Tallur returns making to the museum. The art objects, the museum goer, the machine, the artist are all invited to participate in the realization of a new state of being in which an object hovers in between animation and emptiness. This quintessential fifth dimension questions the premise of the institution and of our worship of things.
Take the elephant in one of the key proofs of the concept, the piece aptly named Quintessential. In the nineteenth-century, the rock carved temples and sculptures on the island of Elephanta were an attraction for devotees as well as British colonial officials curious about ancient art and culture. Some of the latter were in fact so ravenous for acquisition and display, that they sought to remove loose or stand-alone sculptures such as the ceremonial stone elephant from Elephanta to put on show in London.
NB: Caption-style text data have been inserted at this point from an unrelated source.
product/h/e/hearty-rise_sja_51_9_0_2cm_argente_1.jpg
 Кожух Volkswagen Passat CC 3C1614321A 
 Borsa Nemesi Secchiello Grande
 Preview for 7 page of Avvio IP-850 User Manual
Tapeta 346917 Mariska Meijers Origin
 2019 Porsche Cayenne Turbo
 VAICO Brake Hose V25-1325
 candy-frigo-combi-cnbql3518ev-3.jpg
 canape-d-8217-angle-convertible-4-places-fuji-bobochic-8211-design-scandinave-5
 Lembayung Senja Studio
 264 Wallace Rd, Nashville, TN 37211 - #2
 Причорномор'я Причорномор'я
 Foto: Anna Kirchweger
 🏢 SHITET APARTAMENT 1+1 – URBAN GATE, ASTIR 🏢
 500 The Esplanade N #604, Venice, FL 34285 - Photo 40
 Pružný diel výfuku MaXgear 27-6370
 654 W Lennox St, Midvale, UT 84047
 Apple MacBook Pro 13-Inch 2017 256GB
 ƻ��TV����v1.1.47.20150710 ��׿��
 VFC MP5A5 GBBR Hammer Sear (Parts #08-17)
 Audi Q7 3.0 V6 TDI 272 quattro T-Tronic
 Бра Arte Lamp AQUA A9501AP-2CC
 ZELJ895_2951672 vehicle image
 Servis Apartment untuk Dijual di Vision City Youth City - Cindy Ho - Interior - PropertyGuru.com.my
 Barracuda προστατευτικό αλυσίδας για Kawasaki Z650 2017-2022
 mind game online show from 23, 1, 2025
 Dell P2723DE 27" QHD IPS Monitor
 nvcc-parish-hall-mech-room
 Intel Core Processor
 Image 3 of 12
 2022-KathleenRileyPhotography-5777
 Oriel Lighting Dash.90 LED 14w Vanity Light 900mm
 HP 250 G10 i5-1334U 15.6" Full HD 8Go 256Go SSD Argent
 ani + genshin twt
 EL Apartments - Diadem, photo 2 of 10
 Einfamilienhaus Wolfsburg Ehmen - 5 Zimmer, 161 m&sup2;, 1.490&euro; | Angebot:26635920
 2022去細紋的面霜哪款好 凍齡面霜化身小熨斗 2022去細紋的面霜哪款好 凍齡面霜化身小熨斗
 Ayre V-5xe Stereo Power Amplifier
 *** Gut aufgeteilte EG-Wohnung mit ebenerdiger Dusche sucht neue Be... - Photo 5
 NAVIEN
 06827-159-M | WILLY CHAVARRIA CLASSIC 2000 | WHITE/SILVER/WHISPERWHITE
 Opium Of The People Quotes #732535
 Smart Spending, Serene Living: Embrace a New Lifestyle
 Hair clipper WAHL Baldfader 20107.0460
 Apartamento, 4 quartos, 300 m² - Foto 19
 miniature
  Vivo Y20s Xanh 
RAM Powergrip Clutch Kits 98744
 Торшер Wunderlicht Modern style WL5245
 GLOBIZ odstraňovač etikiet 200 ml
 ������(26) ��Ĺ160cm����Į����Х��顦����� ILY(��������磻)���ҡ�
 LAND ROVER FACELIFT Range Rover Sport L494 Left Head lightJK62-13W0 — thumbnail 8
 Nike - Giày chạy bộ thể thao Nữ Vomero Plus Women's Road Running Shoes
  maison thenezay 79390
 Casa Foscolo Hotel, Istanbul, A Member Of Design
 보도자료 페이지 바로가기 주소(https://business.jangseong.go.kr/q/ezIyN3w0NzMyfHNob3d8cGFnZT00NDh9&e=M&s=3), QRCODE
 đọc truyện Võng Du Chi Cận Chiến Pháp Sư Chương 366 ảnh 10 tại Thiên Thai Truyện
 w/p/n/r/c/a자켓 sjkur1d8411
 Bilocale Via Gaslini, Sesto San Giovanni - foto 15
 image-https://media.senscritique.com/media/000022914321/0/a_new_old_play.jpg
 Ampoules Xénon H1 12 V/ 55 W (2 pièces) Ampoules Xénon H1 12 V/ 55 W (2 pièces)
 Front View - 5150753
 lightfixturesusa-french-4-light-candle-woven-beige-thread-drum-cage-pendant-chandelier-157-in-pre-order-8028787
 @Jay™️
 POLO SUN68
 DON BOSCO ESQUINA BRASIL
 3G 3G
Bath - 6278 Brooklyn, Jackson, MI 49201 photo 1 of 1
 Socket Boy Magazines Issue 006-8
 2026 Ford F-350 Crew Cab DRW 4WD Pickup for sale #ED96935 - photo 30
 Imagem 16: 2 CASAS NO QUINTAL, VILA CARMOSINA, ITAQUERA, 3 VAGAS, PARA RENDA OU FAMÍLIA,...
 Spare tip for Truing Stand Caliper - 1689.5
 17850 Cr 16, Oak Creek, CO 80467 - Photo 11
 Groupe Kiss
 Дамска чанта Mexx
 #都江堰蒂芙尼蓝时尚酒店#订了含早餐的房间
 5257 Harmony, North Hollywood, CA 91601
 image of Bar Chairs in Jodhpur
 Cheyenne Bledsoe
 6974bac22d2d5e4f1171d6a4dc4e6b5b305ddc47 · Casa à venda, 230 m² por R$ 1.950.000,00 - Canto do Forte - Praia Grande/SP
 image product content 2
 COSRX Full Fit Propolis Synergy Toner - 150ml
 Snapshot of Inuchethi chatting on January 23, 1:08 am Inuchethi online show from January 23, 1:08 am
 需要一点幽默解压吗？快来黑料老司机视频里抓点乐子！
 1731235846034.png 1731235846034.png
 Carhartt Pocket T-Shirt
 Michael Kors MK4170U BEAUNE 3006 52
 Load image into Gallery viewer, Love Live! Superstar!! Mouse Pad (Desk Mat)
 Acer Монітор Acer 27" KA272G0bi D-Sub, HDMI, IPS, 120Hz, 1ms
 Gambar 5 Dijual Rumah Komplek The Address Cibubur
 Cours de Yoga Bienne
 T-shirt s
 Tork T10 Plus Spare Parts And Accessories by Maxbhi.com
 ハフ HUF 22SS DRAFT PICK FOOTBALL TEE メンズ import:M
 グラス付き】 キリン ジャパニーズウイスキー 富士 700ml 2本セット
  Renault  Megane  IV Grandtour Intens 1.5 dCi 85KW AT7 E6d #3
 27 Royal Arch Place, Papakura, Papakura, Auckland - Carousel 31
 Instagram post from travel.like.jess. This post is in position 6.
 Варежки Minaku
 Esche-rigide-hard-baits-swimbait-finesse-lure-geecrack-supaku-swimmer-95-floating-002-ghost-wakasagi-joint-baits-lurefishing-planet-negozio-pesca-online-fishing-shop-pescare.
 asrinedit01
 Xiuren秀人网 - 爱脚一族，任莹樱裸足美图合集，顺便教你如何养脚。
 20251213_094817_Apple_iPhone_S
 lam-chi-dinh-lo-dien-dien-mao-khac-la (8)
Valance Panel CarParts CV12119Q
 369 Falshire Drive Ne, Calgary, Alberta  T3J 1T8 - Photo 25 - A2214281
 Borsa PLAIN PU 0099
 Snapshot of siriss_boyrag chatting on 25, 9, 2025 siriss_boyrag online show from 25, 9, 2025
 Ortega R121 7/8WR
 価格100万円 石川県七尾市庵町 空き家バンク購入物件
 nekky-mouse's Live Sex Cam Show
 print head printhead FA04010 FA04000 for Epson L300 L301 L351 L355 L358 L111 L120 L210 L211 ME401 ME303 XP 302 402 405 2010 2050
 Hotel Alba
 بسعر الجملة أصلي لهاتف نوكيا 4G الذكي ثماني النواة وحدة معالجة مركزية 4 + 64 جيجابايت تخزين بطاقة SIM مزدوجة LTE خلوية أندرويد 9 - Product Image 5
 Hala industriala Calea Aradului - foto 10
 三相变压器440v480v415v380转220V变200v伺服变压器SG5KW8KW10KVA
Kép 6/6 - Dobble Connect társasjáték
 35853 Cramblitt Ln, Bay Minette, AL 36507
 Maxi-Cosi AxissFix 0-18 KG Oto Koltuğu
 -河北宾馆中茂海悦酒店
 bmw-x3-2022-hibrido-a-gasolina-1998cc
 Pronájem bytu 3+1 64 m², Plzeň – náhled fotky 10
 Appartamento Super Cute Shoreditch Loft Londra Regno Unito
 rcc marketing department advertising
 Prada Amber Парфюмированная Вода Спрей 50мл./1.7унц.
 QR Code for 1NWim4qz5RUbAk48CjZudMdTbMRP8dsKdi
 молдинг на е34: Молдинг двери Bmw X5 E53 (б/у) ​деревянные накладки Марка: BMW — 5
But, in this case, the carved animal broke in transit. Helpless, the officials placed it next to what would become the Bhau Daji Lad Museum where it still stands today as if a warning about appropriation and mismanagement.
Tallur reveals such an ‘elephant in the room’ of colonial plunder and pedagogy in his museum display. At the center is a large wooden replica of the elephant constructed as a puzzle. Each piece weighs around ten or twelve kilos since it was cut from the wood of the jackfruit tree, which is hard, heavy, and repels insects. On the surrounding walls and cases documents of the stone elephant are displayed – in the end, this was the only way that the elephant traveled. These include colonial-era prints of the elephant standing at attention in its original location, at Elephanta, and a live CCTV video of the stone elephant waiting patiently outside its second home, the museum. By consulting the various representations, the museum visitor-laborer in the twenty-first century can restitute the elephant piece by piece from British plunder. Though literally and metaphorically weighty, the spirit of the game, and therefore of revivifying and reforming the past, is one of pun and play.
A key to Tallur’s philosophy, Quintessential also opens a window onto his associative method of creation through material problem solving. After forming the concept for the elephant-puzzle, he had to figure out its execution. For this purpose, he visited a saw blade factory and was startled by the blade’s flexibility. He peppered the artisans with questions: how is the blade stabilized, how is it carried, how is it sharpened? These not only came to inform the making of the elephant but also an entirely new project. Counter-intuitively the saw-blade can be folded; there is a tension between its spring and substance. Tallur would loop the saw blade over and over around a blade-sharpening machine to make a stunningly abstract and terrifying configuration, Threshold, which when turned on…click, click, spark, click…became animate.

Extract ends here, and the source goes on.